Getting great results from Dalton's AI comes down to how you write your prompts. This guide covers what works, what doesn't, and how to troubleshoot common issues.

The Golden Rule: Be Specific

The AI performs best when you tell it exactly what you want. Vague prompts lead to unpredictable results.

Instead of...Try...
"Make it better""Focus on the time-saving benefit"
"Make it shorter""Make this one sentence"
"Change the layout""Move the reviews section above the product description"
"Add something here""Add a trust badge showing free returns"
"Improve the CTA""Make the button copy action-oriented, starting with a verb"

Tell the AI What You Want (Not What You Don't)

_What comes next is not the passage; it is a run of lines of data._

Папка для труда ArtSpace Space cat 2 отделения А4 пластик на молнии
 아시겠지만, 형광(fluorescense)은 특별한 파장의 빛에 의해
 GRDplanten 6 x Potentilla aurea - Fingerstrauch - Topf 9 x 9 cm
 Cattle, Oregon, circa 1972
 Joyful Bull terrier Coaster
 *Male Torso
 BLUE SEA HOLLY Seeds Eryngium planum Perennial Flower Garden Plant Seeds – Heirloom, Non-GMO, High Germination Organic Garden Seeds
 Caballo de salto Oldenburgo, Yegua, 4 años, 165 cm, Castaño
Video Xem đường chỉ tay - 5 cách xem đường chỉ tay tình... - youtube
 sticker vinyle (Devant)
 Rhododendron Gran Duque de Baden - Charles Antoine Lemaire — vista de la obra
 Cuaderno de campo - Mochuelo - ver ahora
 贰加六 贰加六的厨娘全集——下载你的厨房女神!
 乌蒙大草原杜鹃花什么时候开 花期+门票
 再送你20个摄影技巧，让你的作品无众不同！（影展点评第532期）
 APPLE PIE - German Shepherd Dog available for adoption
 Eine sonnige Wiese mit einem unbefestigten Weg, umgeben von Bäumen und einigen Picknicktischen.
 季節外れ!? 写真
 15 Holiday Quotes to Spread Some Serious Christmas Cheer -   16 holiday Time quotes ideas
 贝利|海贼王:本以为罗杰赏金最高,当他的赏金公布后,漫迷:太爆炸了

Positive instructions work better than negative ones.

Instead of...Try...
"Don't make it too long""Keep this under 10 words"
"Remove the fluff""Focus only on the main benefit"
"Don't be too salesy""Use a conversational, helpful tone"
"Avoid jargon""Use simple language a beginner would understand"

Device-Specific Prompts

Dalton can apply changes to specific devices. Add these phrases to your prompt:

  • "on mobile only" - Changes apply only to mobile view
  • "on desktop only" - Changes apply only to desktop view
  • "for mobile" - Same as above

Examples:

  • "Center this text on mobile only"
  • "Make the button full-width on mobile"
  • "Show a shorter headline on mobile only"

Check Both Views

Always preview both desktop and mobile after making changes, even if you specified a device. This ensures nothing unexpected happened.

One Change at a Time

Complex prompts with multiple instructions often fail. Break them into steps:

Instead of:

"Reorder these three sections, change the headline to focus on speed, and make the CTA more urgent"

Do this:

  1. "Move the testimonials section above the features"
  2. "Change the headline to emphasize how fast setup is"
  3. "Make the CTA button copy more urgent"

Prompts That Work Well

Headlines:

  • "Make the headline focus on [specific benefit]"
  • "Test a question-based headline"
  • "Make this headline more specific about [outcome]"

CTAs:

  • "Start the button text with an action verb"
  • "Add urgency to the CTA without being pushy"
  • "Make the button copy benefit-focused instead of action-focused"

Layout:

  • "Move [element] above [other element]"
  • "Add a [trust badge/social proof/urgency indicator] near the CTA"
  • "Make the [section] more prominent"

Copy:

  • "Shorten this to one sentence"
  • "Add a specific number or statistic"
  • "Focus on [pain point] instead of [feature]"

Prompts That Don't Work

Some things are outside what the AI can do:

  • Dynamic content: "Change the price" / "Update the inventory count"
  • Images: "Add a product photo" / "Change the hero image"
  • Navigation: "Rearrange the menu items"
  • Forms: "Add a new form field"
  • Animations: "Make this fade in"

For these, use URL Split Tests with a completely different page version.

When Prompts Fail

If your prompt keeps failing or producing errors:

  1. Check if the element is dynamic - Prices, inventory, size selectors can't be modified
  2. Try selecting a parent element - Sometimes the specific element is inside a component the AI can't access
  3. Simplify the prompt - Remove any complexity and try one change
  4. Check for iframes - Content inside iframes (like embedded forms) can't be edited

See Troubleshooting for more detailed solutions.

Iterating on Results

Don't expect perfection on the first try. The best experiments come from iteration:

  1. Start with a simple, specific prompt
  2. Preview the result
  3. If not quite right, create a new variant with a refined prompt
  4. Compare variants to find what works

Undo or Start Fresh

If a variant doesn't look right, use undo to revert changes, or delete it and create a new one with a better prompt.